*PROBLEM STATEMENT*.
Please print exactly the lines below, from the start of the material up to and including the line with "diy-front-porch-remodeling-add-greenery", but none of the pictures.

== SOURCE DATA ==

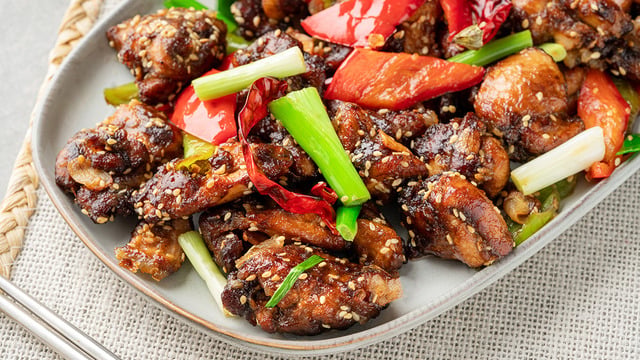 Uzak Doğu Restoranlarında Popüler: Szechuan Tavuğu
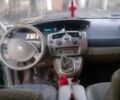 Зеленый Рено Гранд Сценик, объемом двигателя 2 л и пробегом 165 тыс. км за 4600 $, фото 4 на Automoto.ua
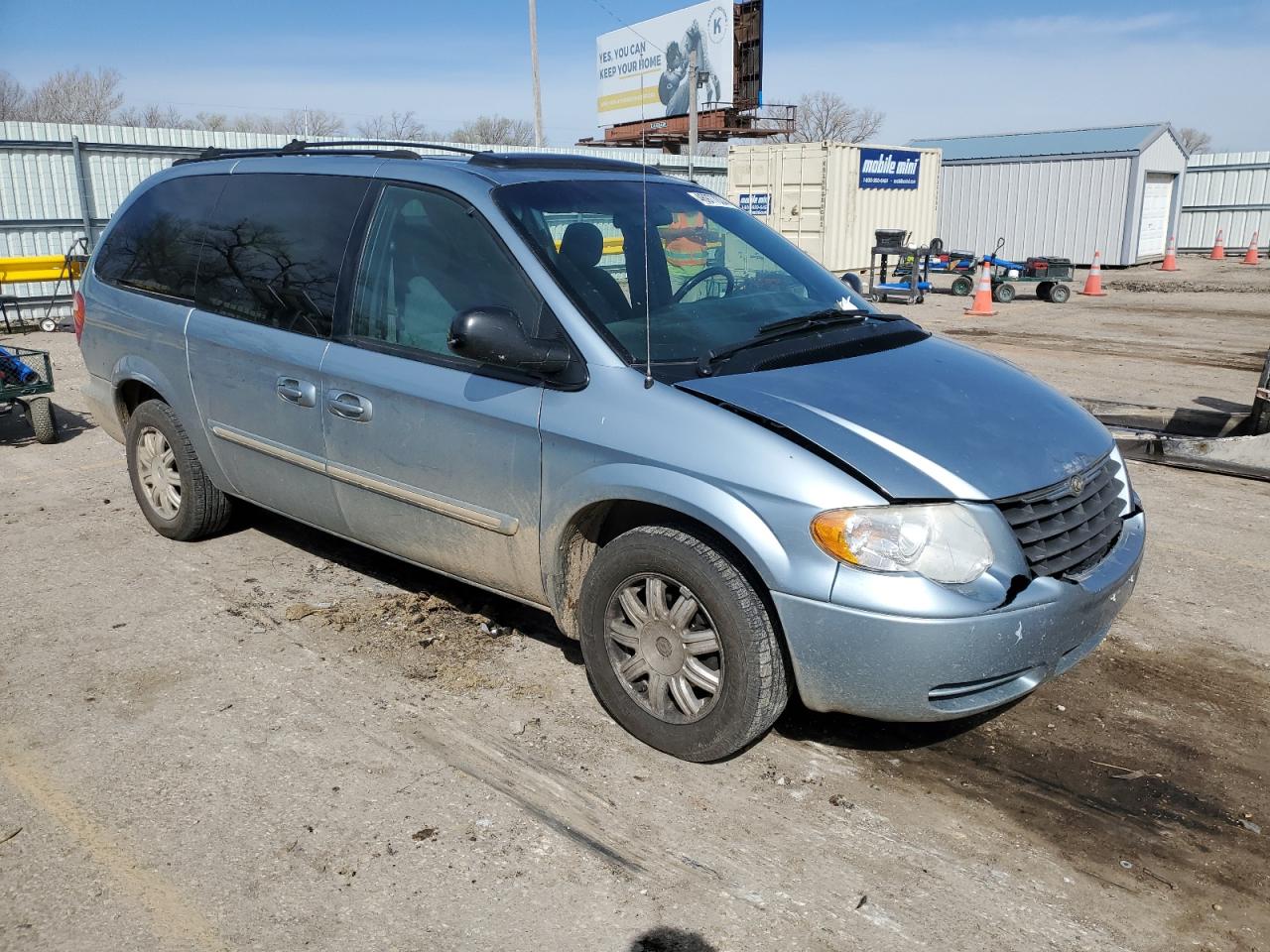 Photo 3 VIN: 2C4GP54L35R102174 - CHRYSLER TOWN & COUNTRY 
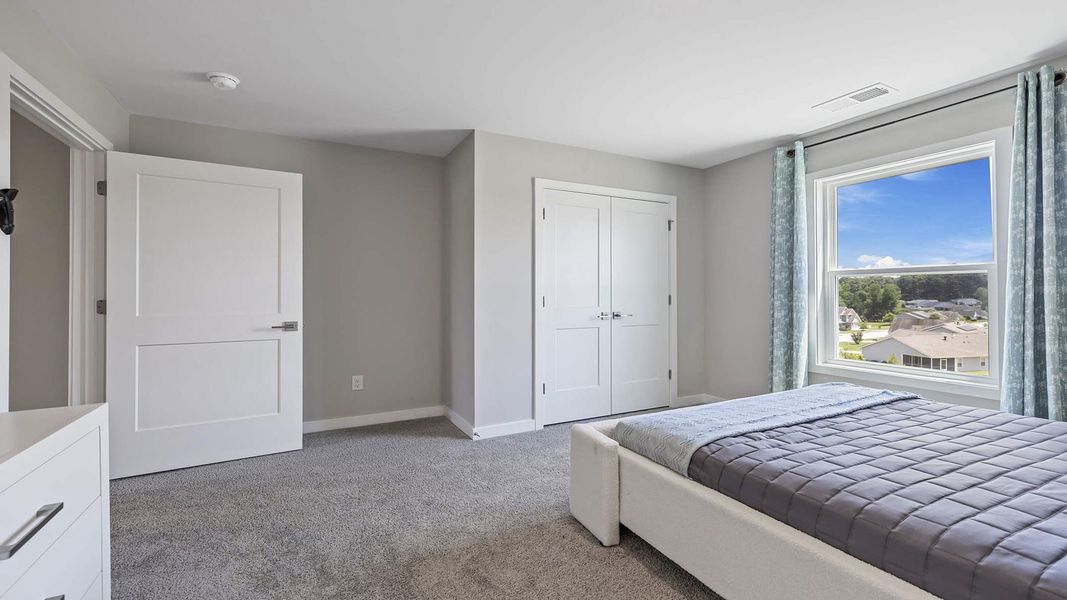 Furnished interior view inside a new home in Cottonwood Ridge, Piedmont (Image 25).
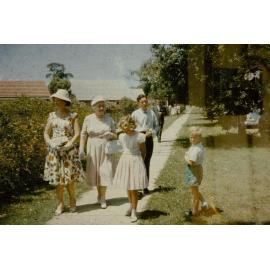 Usher family, Mona Vale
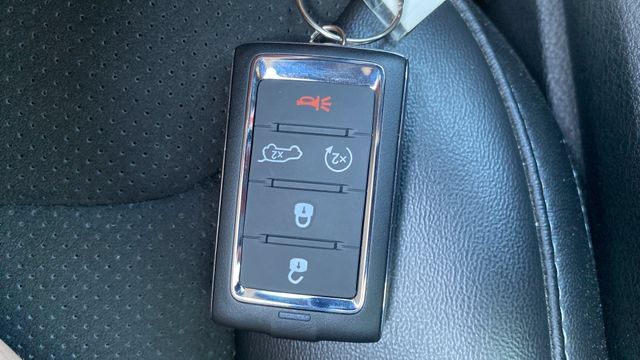 Used 2023 Jeep Grand Cherokee Altitude AWD/4WD image 33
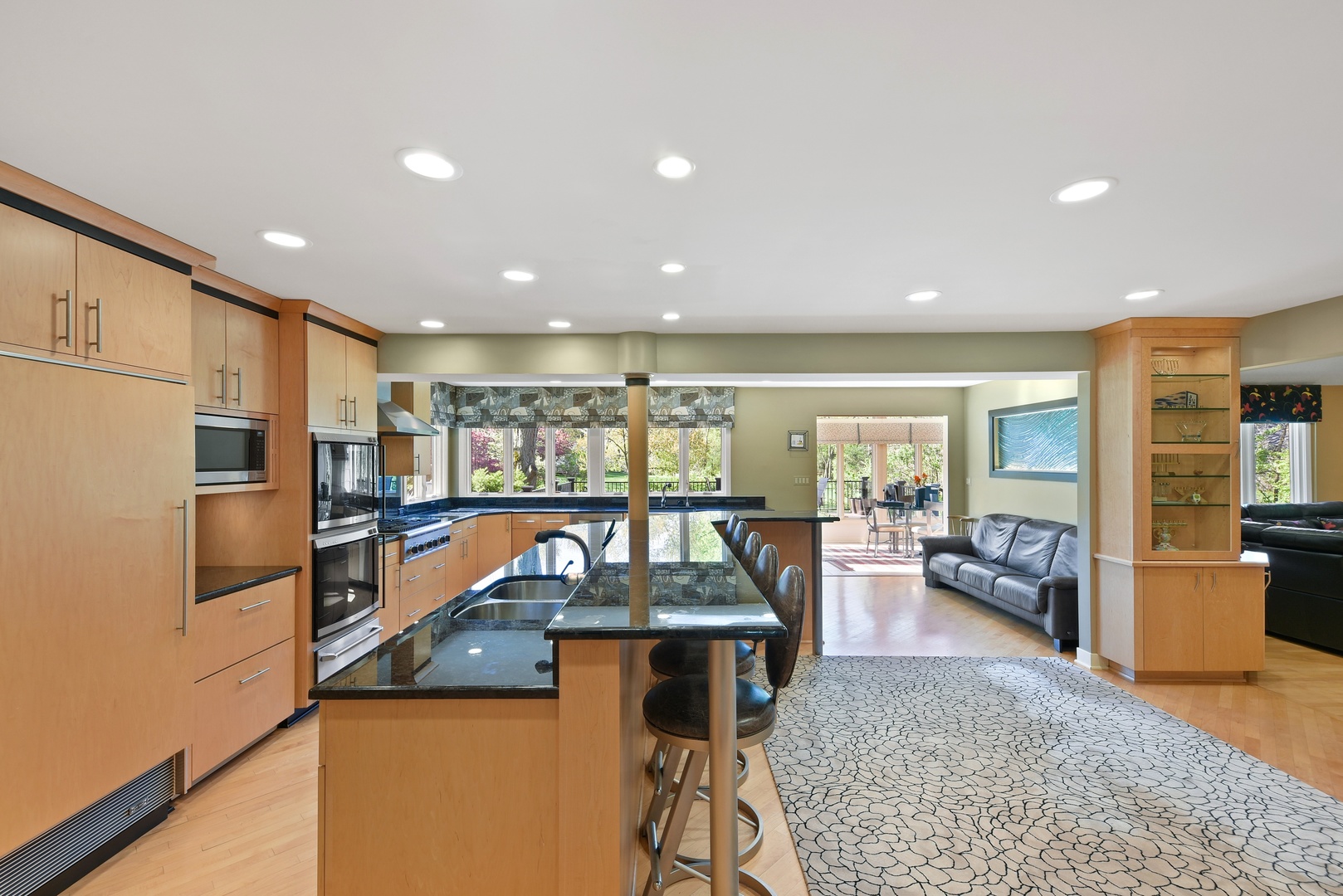 790 East Gartner Road Naperville, IL 60540 - Photo 7 of 34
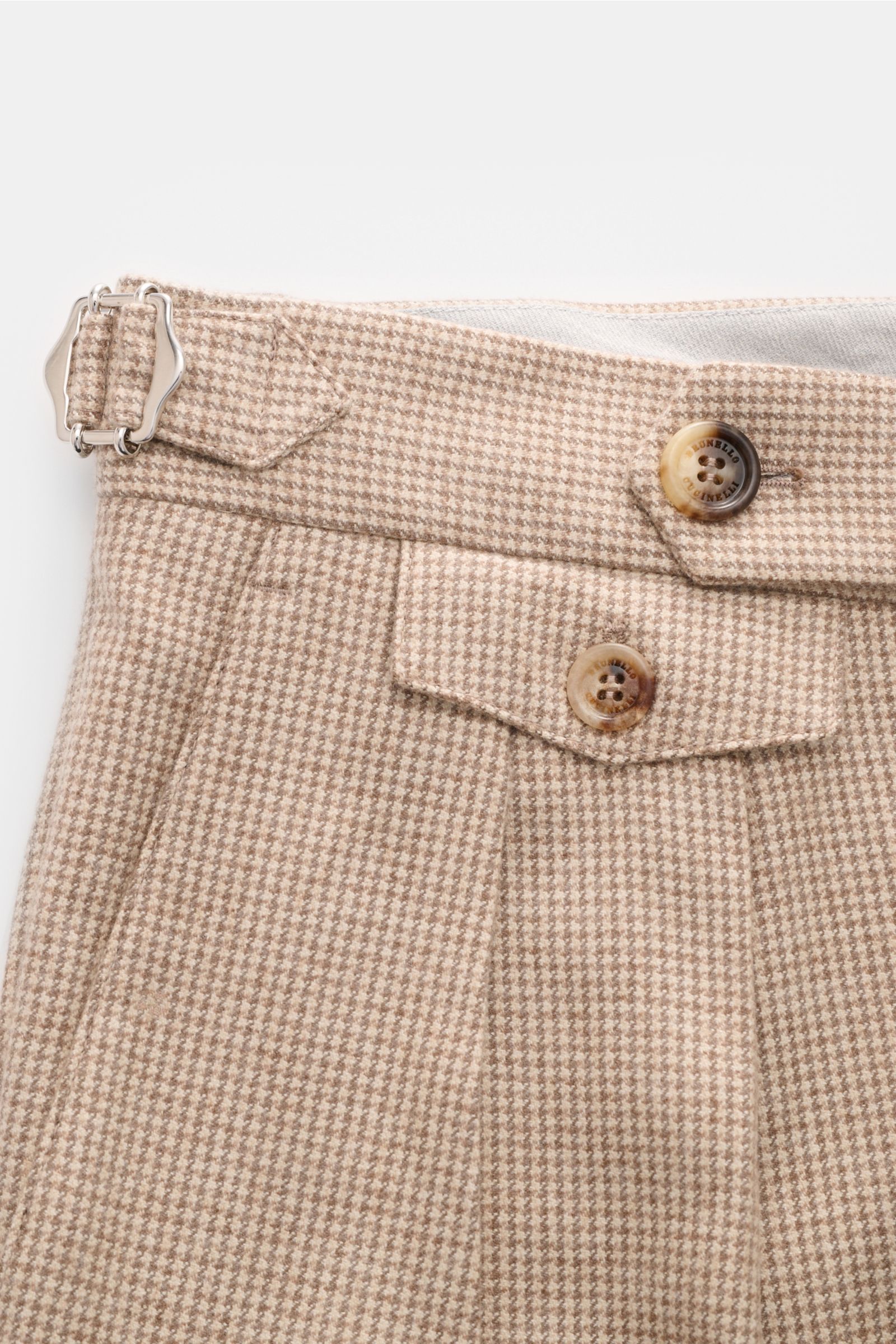 Close-up front view of Brunello Cucinelli Hose beige/hellbraun/taupe kariert with cashmere-silk blend, fine houndstooth, side adjuster, buttons, and pleats.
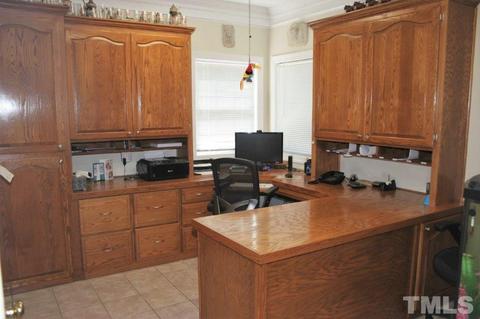 5801 St Thomas Dr, Durham, NC 27705 photo 7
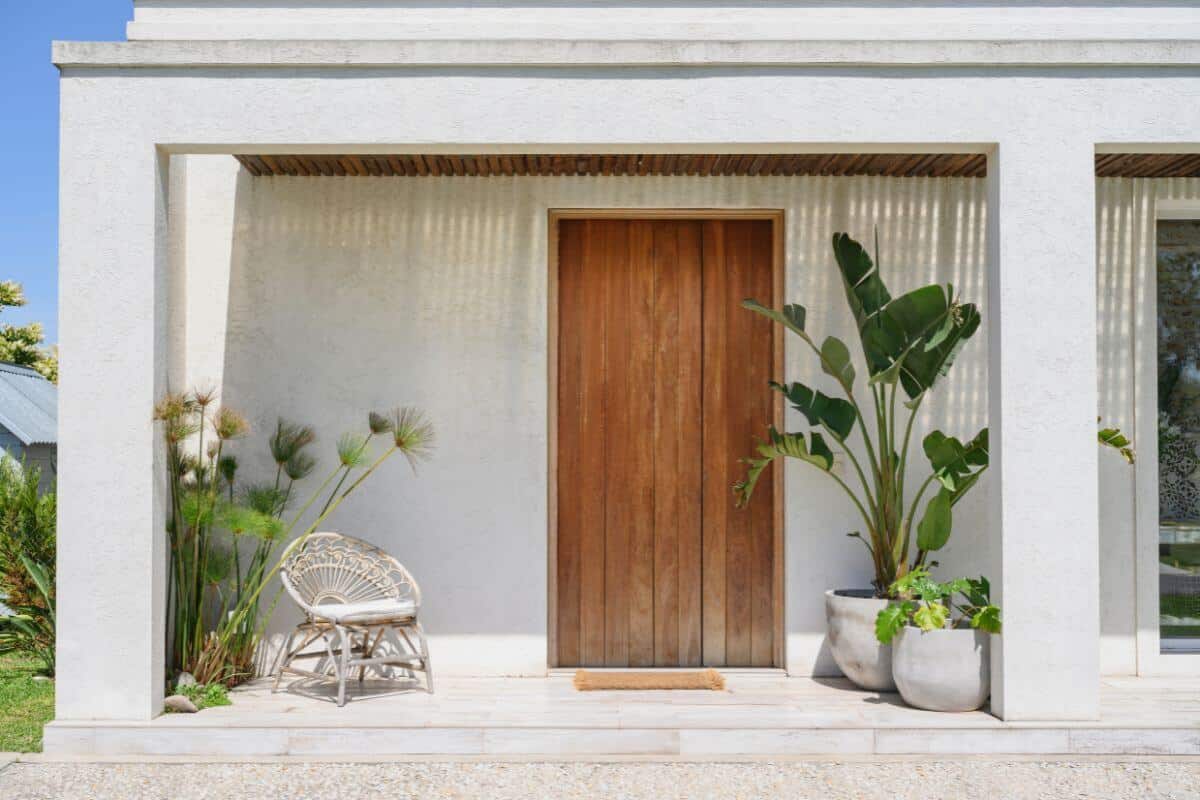 diy-front-porch-remodeling-add-greenery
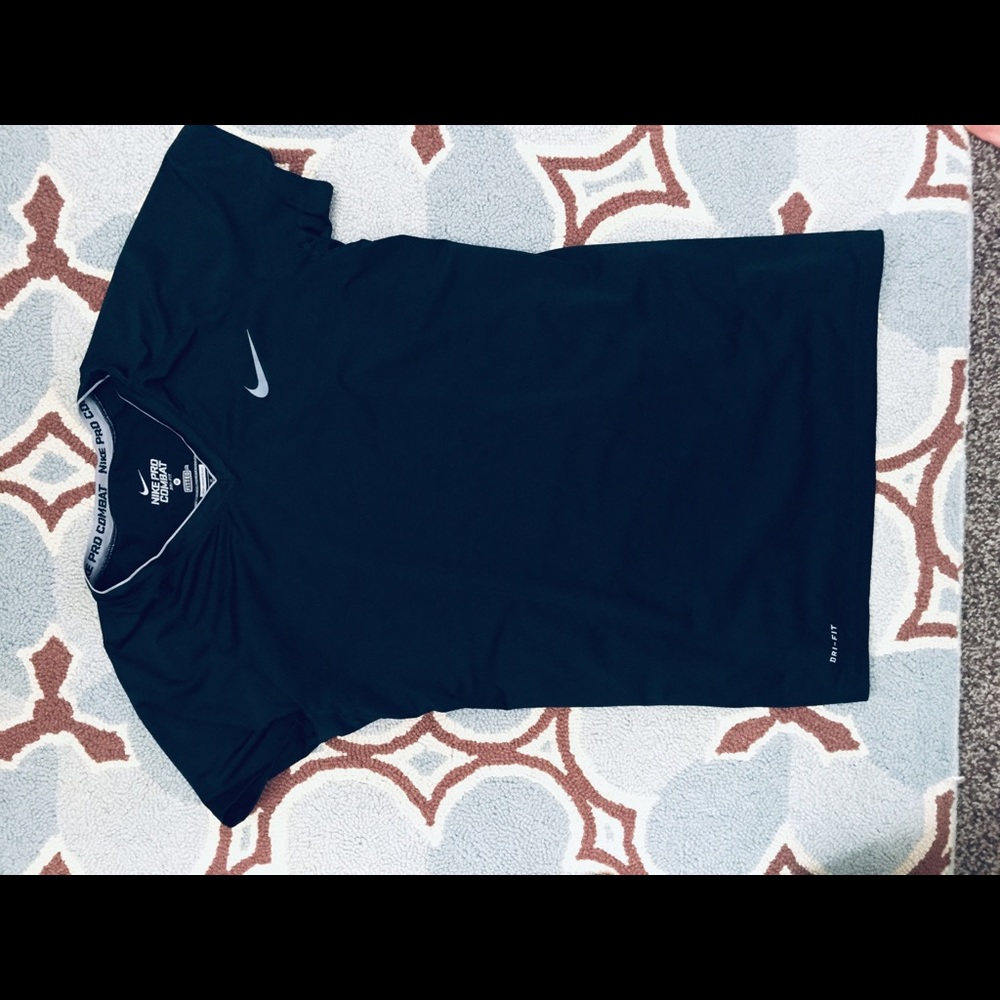 Nike Combat Short Sleeve Dri Fit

===

*ANSWER SPACE*.
 Uzak Doğu Restoranlarında Popüler: Szechuan Tavuğu
 Зеленый Рено Гранд Сценик, объемом двигателя 2 л и пробегом 165 тыс. км за 4600 $, фото 4 на Automoto.ua
 Photo 3 VIN: 2C4GP54L35R102174 - CHRYSLER TOWN & COUNTRY 
 Furnished interior view inside a new home in Cottonwood Ridge, Piedmont (Image 25).
 Usher family, Mona Vale
 Used 2023 Jeep Grand Cherokee Altitude AWD/4WD image 33
 790 East Gartner Road Naperville, IL 60540 - Photo 7 of 34
 Close-up front view of Brunello Cucinelli Hose beige/hellbraun/taupe kariert with cashmere-silk blend, fine houndstooth, side adjuster, buttons, and pleats.
 5801 St Thomas Dr, Durham, NC 27705 photo 7
 diy-front-porch-remodeling-add-greenery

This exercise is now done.